Hmm.. that's too vague Laa-Yosh.. give examples.. simplistic ones. Let's dig deeper. ;)
 
I think physically based shading along with a well implamented GI does well to get that CGI look. If you play The Order 1886 for example, the scene in the ball room, It's as if all the objects blend together more realistically and become part of the environment. Volumetric lighting also helps to give that CGI look too. When you can see the light polution of light bulbs and how the light fills the scene. This along with a good texture pipeline, detailed assets and geometry, animations that new gen console RAM has allowed, it has all made it possible to achieve a CGI look. That said, CGI is still rendering orders of magnitude more tris and has far more miniscule lighting intricacies. But the asthetic alone can be achieved with modern shaders and sufficient use of LOD's.

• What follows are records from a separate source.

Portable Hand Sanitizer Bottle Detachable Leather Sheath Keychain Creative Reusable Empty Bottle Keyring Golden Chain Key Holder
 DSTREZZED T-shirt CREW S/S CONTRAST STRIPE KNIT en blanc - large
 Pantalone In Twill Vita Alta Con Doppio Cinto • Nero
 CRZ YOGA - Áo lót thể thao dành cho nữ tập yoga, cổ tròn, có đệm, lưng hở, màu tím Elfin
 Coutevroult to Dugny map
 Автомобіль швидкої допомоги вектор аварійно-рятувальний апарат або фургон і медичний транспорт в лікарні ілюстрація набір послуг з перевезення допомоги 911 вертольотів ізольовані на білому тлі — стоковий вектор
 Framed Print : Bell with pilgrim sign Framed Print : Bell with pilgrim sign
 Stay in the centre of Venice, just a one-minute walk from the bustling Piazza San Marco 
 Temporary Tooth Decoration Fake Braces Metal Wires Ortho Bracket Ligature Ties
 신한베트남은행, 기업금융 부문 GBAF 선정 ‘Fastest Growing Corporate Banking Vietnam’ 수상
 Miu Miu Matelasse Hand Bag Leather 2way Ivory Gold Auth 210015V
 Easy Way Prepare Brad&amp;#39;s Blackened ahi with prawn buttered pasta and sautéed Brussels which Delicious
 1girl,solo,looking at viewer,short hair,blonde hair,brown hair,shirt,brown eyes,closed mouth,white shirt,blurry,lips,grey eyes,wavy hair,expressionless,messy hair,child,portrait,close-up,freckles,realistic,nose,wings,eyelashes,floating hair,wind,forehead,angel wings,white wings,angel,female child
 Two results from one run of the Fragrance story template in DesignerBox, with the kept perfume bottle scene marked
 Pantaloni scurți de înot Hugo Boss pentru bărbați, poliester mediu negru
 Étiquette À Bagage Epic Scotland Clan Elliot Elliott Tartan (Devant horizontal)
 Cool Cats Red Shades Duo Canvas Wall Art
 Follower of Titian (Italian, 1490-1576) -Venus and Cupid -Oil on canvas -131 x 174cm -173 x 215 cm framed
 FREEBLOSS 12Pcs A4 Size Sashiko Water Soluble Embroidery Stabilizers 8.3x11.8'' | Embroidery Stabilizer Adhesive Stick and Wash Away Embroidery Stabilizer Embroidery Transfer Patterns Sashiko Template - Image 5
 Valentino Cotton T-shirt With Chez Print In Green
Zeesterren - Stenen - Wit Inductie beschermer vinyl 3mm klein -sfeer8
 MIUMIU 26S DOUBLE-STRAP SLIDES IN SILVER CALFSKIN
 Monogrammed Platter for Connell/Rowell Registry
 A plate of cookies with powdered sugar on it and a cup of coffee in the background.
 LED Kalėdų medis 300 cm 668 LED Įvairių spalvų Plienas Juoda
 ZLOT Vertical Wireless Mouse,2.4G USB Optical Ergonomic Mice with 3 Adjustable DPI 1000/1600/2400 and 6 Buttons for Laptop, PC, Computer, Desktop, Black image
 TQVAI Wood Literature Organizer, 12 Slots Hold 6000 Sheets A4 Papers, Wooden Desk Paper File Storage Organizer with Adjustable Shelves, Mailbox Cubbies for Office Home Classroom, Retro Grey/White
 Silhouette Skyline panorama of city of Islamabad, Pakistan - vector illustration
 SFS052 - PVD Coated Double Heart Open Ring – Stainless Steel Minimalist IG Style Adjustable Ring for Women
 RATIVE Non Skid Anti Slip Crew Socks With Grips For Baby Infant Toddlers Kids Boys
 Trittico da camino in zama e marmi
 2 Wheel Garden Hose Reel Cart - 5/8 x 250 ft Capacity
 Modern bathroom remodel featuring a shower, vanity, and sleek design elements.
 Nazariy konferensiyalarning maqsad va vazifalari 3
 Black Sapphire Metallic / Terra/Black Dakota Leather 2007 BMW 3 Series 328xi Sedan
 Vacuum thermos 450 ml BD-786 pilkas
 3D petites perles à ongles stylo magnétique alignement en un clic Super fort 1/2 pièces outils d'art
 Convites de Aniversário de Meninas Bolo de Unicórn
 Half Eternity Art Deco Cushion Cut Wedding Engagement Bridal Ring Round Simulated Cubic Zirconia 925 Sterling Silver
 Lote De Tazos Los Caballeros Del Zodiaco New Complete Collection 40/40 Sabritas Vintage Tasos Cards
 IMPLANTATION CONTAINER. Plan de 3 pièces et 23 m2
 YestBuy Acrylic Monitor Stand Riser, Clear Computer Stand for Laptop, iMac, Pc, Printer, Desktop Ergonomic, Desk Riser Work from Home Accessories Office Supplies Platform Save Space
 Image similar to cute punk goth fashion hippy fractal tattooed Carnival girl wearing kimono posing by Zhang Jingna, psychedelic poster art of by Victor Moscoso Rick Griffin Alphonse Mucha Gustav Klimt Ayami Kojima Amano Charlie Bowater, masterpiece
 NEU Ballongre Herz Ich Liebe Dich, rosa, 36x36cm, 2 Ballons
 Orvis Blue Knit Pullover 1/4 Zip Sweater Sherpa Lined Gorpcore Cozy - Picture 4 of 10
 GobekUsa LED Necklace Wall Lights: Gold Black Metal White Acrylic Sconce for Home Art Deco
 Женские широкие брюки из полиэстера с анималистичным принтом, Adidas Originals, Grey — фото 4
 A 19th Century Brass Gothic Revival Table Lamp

If we observe what has changed in real time graphics over the last year or two, the main thing would be PBR. That is what is doing the job pretty much. I wish I had an image of PBR turned on and off so you could see what I'm saying. But PBR isn't something that is scalable. It's a commitment the developer has to make early on in game development. Which is why cross gen games don't have it.
 
The Order 1886 it is crazy very few rendering problems. Borderline old offline rendering. Few problems the specular leaking are for example visible on some metallic thin material. The shadow problem are easy to spot on self shadowing but are present for every dynamic object. Very difficult to spot on the scenery. A little waxy look for skin in sunny condition and some uncanny problem for some of the facial expression and prominent for some character and not other but uncanny valley was a problem for offline rendering too...

http://c0de517e.blogspot.ca/2015/02/why-rendering-in-order-1886-rocks.html?m=1

From the comment of this blogpost


Speaking of artifacts if you look closely you can find a few, of course.
There is still some specular leak due to lack of occlusion of details of normalmaps, you can see some shadows "peter-panning" which is a tell-tale of the use of EVSM or similar and many other little things here and there.

That's why I wrote in the premise that when I say that there are no noticeable artifacts I mean during normal viewing, not pixel-peeking.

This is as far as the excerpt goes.